From: Antoine Zimmermann <antoine.zimmermann@emse.fr>
Date: Tue, 20 Dec 2011 14:32:40 +0100
To: Pat Hayes <phayes@ihmc.us>
CC: Richard Cyganiak <richard@cyganiak.de>, public-rdf-wg@w3.org
Message-ID: <4EF08E78.4090602@emse.fr>
Le 20/12/2011 02:01, Pat Hayes a écrit :
>
> On Dec 19, 2011, at 1:50 PM, Richard Cyganiak wrote:
>
>> On 19 Dec 2011, at 10:48, Pat Hayes wrote:
>>> I would like to see some evidence, from actual use cases, of how
>>> it can be that different RDF graphs hold in different contexts,
>>
>> See here for some (toy) examples:
>
> Thanks for the pointers. I will spend this evening reading :-)
>
>> ....
>>> How can information from different contexts be used together?
>>
>> It generally cannot, unless you have some extra information (e.g.,
>> provenance metadata) that establishes sufficient confidence in the
>> information for the purpose of the application. Some application
>> may be ok with merging absolutely anything. Others may only rely on
>> information from a fixed set of providers (e.g., from URIs with a
>> certain hostname). Many other approaches are possible.
>
> Ah, that is not exactly what I meant.
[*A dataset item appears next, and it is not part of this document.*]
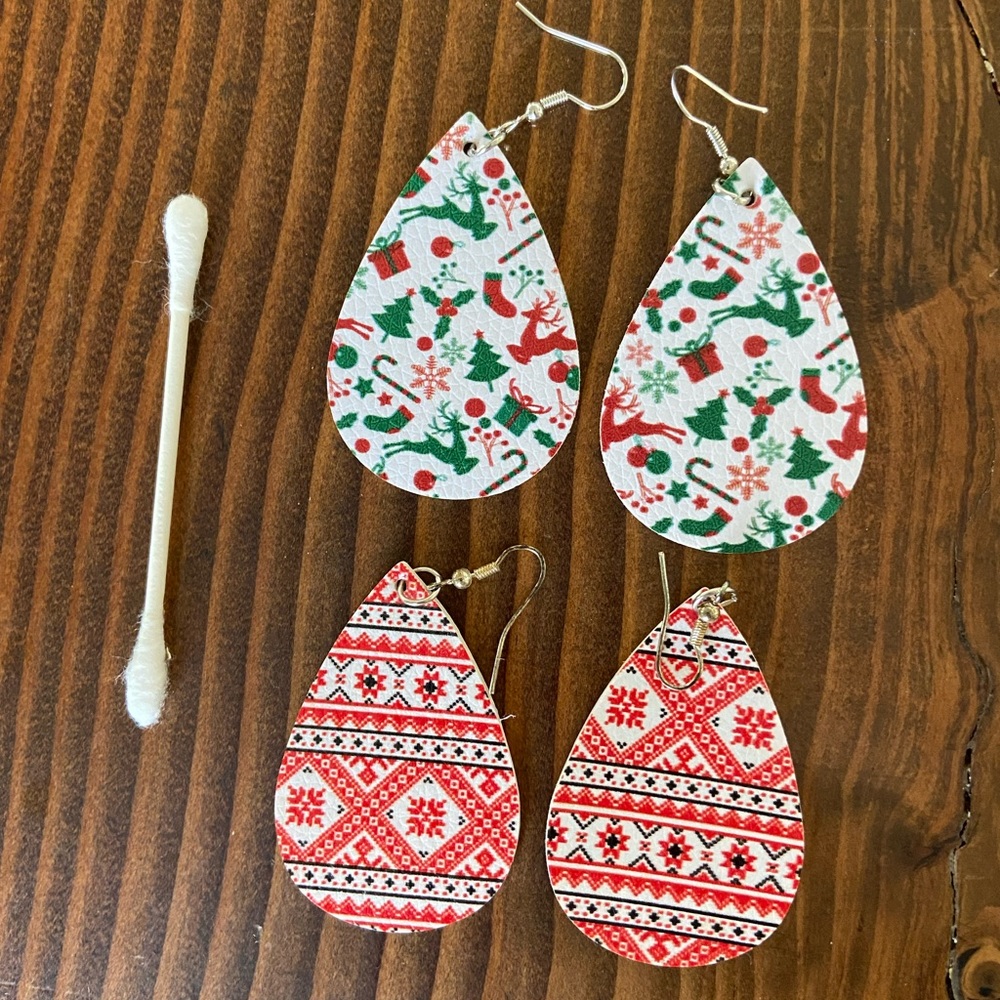 Leather Earrings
You are here talking about
> degree of trust: when do I, a consumer of RDF data culled from the
> Web, decide to trust it well enough to draw conclusions from it. This
> is important, of course, but the issue that we have here with
> 'contexts' has to do with a different topic, viz. the context
> *changing the meaning* of IRIs. That is, a given IRI in one 'context'
> might refer to something different from what it refers to in another
> 'context'. This is the characteristic property of so-called 'context
> logics', by the way, and it is where Antoine's multi-interpretation
> semantics is headed.
>
> Is this true for RDF on the (wild) Web? If so, how is RDF from
> different contexts (in this second sense) used together? It would
> seem that some kind of name-separation technique would be needed
> before such RDF graphs could be merged or even used in the same
> context (?)

I think the discussions that we had in this working group show that 
there isn't a single way of combining Web data. This justifies that, 
*if* we provide a semantic at all to datasets, then it has to be very 
little constrained. In any case, whether there is a "contextual 
semantics" or not, people can still merge RDF graphs if they want, and 
there are chances that it will remain a common way of integrate data 
from multiple sources.

However, I gave the example of Sindice, which uses the context to reason 
over Web data. I can also mention SAOR, another Semantic Web search 
engine which uses the context in its reasoning mechanism.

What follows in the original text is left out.